§ WORK INSTRUCTIONS
Below are some entries. Repeat exactly the lines from the one with "Chroma Dots I" through the one with "Mango Knot Front", and only those.

§ RECORDS FOR THIS TASK
==*==
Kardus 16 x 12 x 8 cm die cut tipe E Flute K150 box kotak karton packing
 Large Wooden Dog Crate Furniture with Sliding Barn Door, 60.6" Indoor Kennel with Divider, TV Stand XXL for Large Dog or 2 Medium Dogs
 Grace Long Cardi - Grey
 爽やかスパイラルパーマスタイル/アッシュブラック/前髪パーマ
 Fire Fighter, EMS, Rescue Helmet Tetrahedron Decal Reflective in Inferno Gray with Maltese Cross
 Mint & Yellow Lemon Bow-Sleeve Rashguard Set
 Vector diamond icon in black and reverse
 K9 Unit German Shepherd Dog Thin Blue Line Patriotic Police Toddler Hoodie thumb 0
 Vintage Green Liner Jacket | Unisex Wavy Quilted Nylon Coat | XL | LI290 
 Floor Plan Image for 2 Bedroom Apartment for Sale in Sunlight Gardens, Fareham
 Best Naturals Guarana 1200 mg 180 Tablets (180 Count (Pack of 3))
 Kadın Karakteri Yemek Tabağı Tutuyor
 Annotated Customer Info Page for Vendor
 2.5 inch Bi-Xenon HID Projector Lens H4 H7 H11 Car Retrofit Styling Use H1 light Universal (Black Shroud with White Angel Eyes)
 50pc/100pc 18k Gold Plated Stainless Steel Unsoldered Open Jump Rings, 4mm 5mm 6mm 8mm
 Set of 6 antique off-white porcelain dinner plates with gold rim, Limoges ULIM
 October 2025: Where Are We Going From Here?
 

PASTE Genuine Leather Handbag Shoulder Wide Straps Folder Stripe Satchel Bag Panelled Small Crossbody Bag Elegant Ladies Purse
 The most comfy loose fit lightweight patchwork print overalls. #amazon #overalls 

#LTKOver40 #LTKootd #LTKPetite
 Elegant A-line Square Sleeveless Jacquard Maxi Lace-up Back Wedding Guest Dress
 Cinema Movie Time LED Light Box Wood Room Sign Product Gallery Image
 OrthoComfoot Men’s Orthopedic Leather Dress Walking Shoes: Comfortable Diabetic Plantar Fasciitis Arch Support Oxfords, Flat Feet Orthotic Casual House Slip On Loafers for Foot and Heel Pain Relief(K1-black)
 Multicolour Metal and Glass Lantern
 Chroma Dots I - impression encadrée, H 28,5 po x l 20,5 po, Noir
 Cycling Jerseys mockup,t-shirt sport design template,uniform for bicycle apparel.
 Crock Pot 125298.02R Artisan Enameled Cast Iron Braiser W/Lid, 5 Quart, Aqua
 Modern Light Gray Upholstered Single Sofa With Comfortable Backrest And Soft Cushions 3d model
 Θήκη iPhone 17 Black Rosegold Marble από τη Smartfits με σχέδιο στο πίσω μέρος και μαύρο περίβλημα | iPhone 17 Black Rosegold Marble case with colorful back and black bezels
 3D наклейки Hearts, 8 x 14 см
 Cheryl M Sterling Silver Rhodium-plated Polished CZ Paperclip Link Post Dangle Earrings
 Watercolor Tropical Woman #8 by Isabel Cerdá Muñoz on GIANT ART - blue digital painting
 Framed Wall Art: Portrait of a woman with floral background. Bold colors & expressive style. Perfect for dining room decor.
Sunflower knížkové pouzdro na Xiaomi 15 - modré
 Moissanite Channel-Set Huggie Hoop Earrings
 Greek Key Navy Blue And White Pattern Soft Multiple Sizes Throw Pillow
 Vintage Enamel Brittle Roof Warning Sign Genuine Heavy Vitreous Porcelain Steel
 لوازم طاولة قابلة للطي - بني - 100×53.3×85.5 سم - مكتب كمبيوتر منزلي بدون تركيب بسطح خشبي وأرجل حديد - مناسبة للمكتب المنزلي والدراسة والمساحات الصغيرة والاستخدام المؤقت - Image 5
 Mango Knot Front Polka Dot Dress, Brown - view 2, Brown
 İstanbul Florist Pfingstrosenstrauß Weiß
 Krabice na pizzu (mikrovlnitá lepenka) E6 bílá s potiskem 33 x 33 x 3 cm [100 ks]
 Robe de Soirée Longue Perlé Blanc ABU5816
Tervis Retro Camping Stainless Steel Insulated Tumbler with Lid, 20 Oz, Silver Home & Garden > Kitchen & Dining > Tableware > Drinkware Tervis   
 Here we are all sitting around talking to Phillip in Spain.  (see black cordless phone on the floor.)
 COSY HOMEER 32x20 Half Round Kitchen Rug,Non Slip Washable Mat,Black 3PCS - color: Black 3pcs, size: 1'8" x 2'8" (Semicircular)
==*==
§ RESPONSE AREA
 Chroma Dots I - impression encadrée, H 28,5 po x l 20,5 po, Noir
 Cycling Jerseys mockup,t-shirt sport design template,uniform for bicycle apparel.
 Crock Pot 125298.02R Artisan Enameled Cast Iron Braiser W/Lid, 5 Quart, Aqua
 Modern Light Gray Upholstered Single Sofa With Comfortable Backrest And Soft Cushions 3d model
 Θήκη iPhone 17 Black Rosegold Marble από τη Smartfits με σχέδιο στο πίσω μέρος και μαύρο περίβλημα | iPhone 17 Black Rosegold Marble case with colorful back and black bezels
 3D наклейки Hearts, 8 x 14 см
 Cheryl M Sterling Silver Rhodium-plated Polished CZ Paperclip Link Post Dangle Earrings
 Watercolor Tropical Woman #8 by Isabel Cerdá Muñoz on GIANT ART - blue digital painting
 Framed Wall Art: Portrait of a woman with floral background. Bold colors & expressive style. Perfect for dining room decor.
Sunflower knížkové pouzdro na Xiaomi 15 - modré
 Moissanite Channel-Set Huggie Hoop Earrings
 Greek Key Navy Blue And White Pattern Soft Multiple Sizes Throw Pillow
 Vintage Enamel Brittle Roof Warning Sign Genuine Heavy Vitreous Porcelain Steel
 لوازم طاولة قابلة للطي - بني - 100×53.3×85.5 سم - مكتب كمبيوتر منزلي بدون تركيب بسطح خشبي وأرجل حديد - مناسبة للمكتب المنزلي والدراسة والمساحات الصغيرة والاستخدام المؤقت - Image 5
 Mango Knot Front Polka Dot Dress, Brown - view 2, Brown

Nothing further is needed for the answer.